Explosielens

Uit Wikipedia, de vrije encyclopedie
Moderne explosielens. Het bruinige deel is het snelle explosief, het witte juist traag.
In een implosiekernwapen zijn de explosielenzen polygonaal gerangschikt rond de eigenlijke kernbom. In dit ontwerp zijn 32 punten weergegeven, andere ontwerpen gebruiken tot wel 96 punten, of slechts 2.

Een explosielens — zoals bijvoorbeeld toegepast in kernwapens - is een nauwkeurig op zijn toepassing toegesneden en vormgegeven explosief. In het algemeen is het een explosief dat uit meerdere explosieve stoffen bestaat.
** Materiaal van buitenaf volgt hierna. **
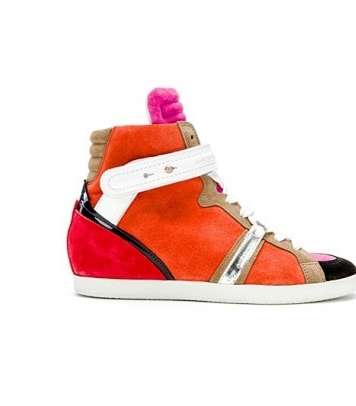 تألقي مع موضة الأحذية الرياضيّة في ربيع 2013 من باربارا بوي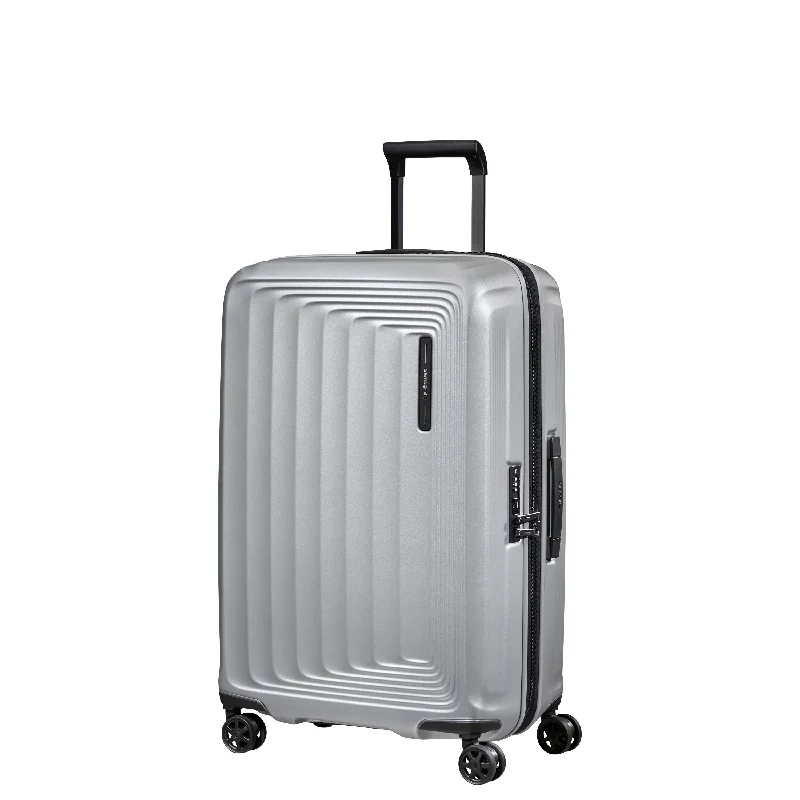 Suitcase for holiday vacations-Samsonite Nuon Spinner Medium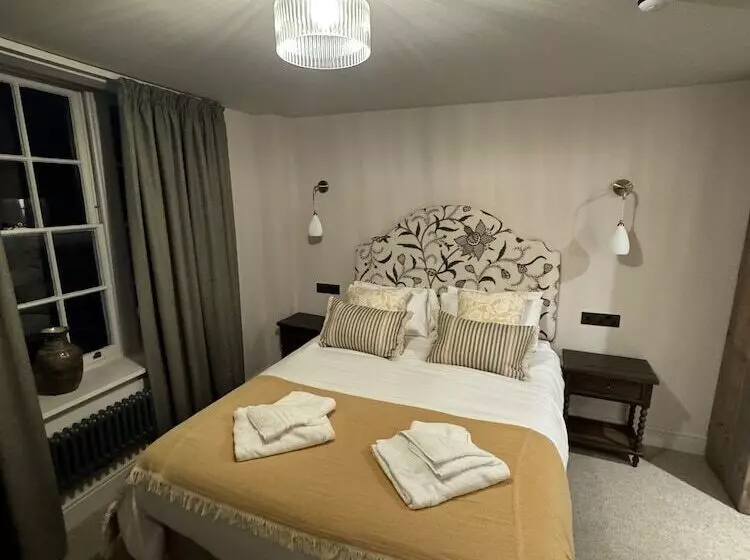 Отель The White Lion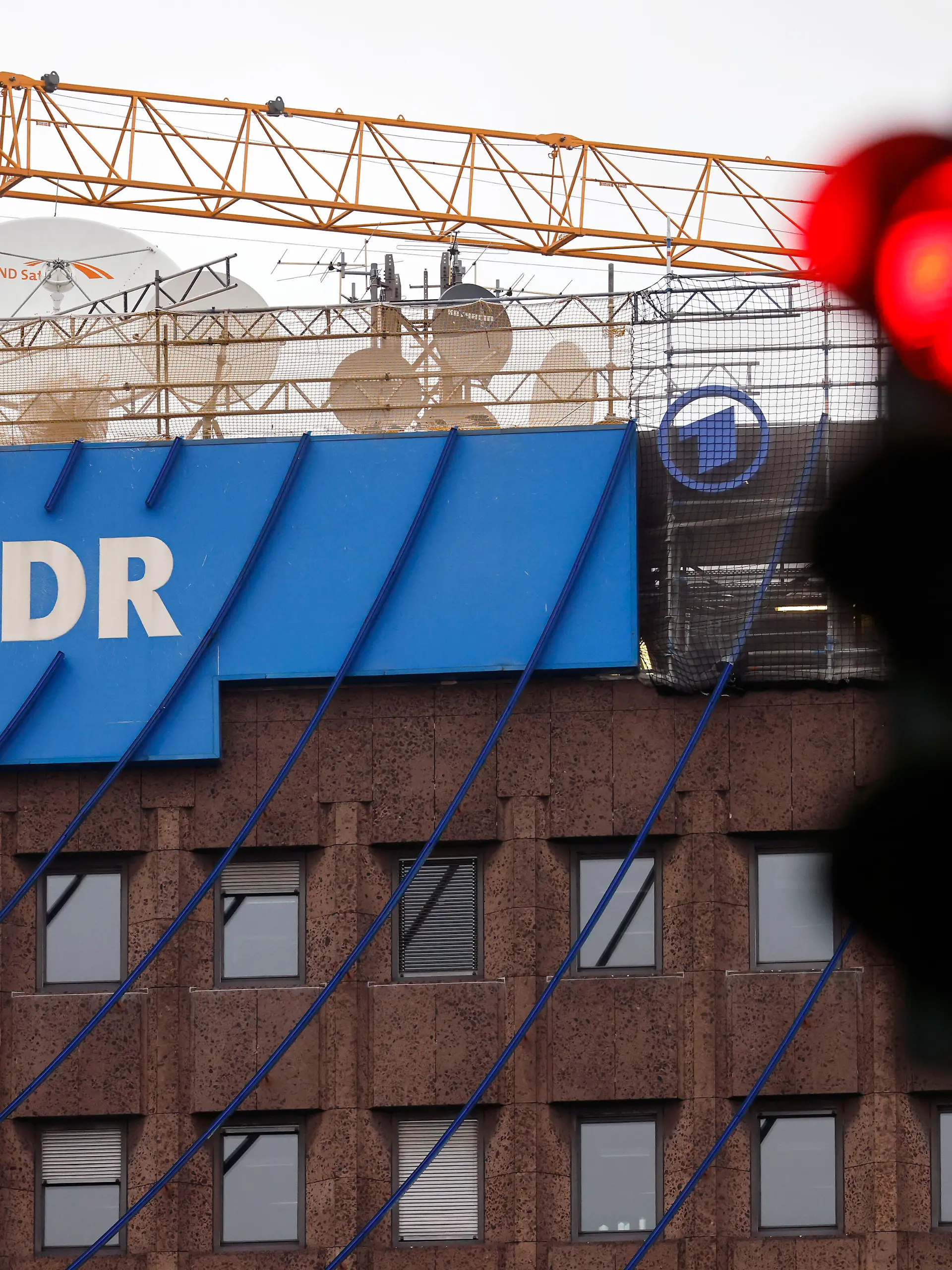 Der Westdeutsche Rundfunk Köln ist der 1956 gegründete öffentlich-rechtliche Rundfunk- und Fernsehsender im Land NRW. Die Anstalt des öffentlichen Rechts hat ihren Hauptsitz in Köln. Der WDR betreibt Hörfunk, Fernsehen und damit verbundene Aktivitäten im Internet. Im Bild der WDR-Schriftzug am WDR-Gebäude in Köln. (Themenbild, Symbolbild) Köln, 29.12.2023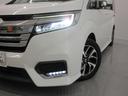 LEDヘッドライトとLEDフォグランプで、夜間の走行も明るい♪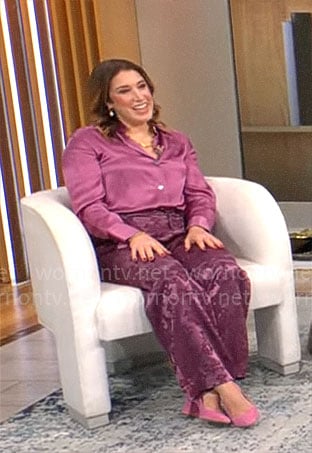 Sarah Gelman's pink button down blouse and jacquard pants on CBS Mornings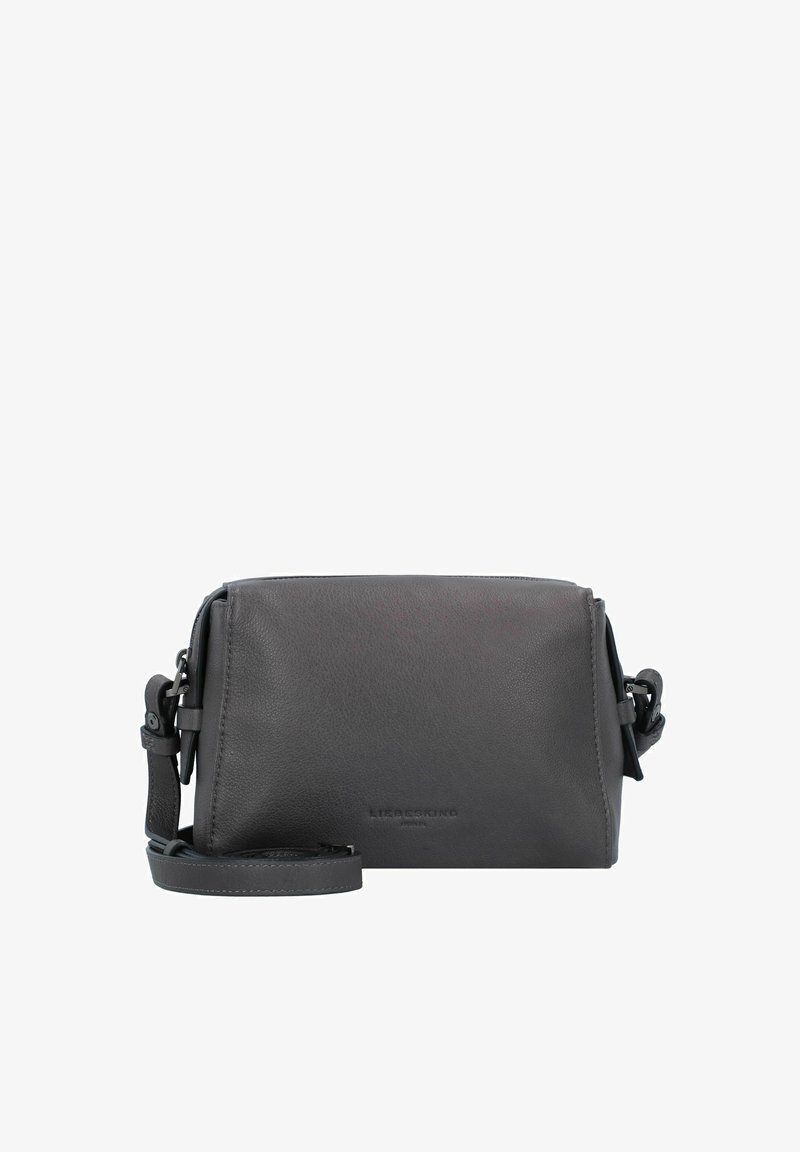 Graue Leder-Crossbody-Tasche mit glatter Textur, rechteckiger Form, verstellbarem Trageriemen und geprägtem Logo auf der Vorderseite.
Deze stoffen zijn zo gerangschikt en vormgegeven dat de schokgolf van de explosie op een gecontroleerde manier door het explosieve materiaal gaat. In zijn basisfunctie is een explosielens vergelijkbaar met een optische lens, die lichtstralen gecontroleerd laat verlopen. De stoffen die gebruikt worden in een explosielens hebben verschillende detonatiesnelheden. Standaard zal een explosiefront bolvormig expanderen. Om deze bolvormige expansie om te zetten in een bolvormig imploderend front moet (bij gebruik van slechts één grensvlak tussen de twee explosieve stoffen) het scheidingsvlak tussen de twee explosieven een paraboloïde vorm hebben; om een vlak explosiefront te genereren moet het scheidingsvlak hyperboloïde zijn. Eventueel kunnen meerdere scheidingsvlakken gebruikt worden om speciale effecten te bereiken.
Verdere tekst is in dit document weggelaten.